> **EXERCISE**
Everything from the top of the data below through the line with "Une chambre à" should be duplicated exactly, and nothing past it.

> **INFORMATION SHOWN**

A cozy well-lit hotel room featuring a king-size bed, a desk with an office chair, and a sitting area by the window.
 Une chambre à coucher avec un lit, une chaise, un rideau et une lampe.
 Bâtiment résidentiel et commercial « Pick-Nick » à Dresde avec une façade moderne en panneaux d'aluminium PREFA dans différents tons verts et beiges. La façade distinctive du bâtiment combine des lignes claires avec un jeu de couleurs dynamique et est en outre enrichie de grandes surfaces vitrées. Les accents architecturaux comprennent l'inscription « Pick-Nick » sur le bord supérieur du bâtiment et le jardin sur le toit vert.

> **EXERCISE SOLUTION**
A cozy well-lit hotel room featuring a king-size bed, a desk with an office chair, and a sitting area by the window.
 Une chambre à coucher avec un lit, une chaise, un rideau et une lampe.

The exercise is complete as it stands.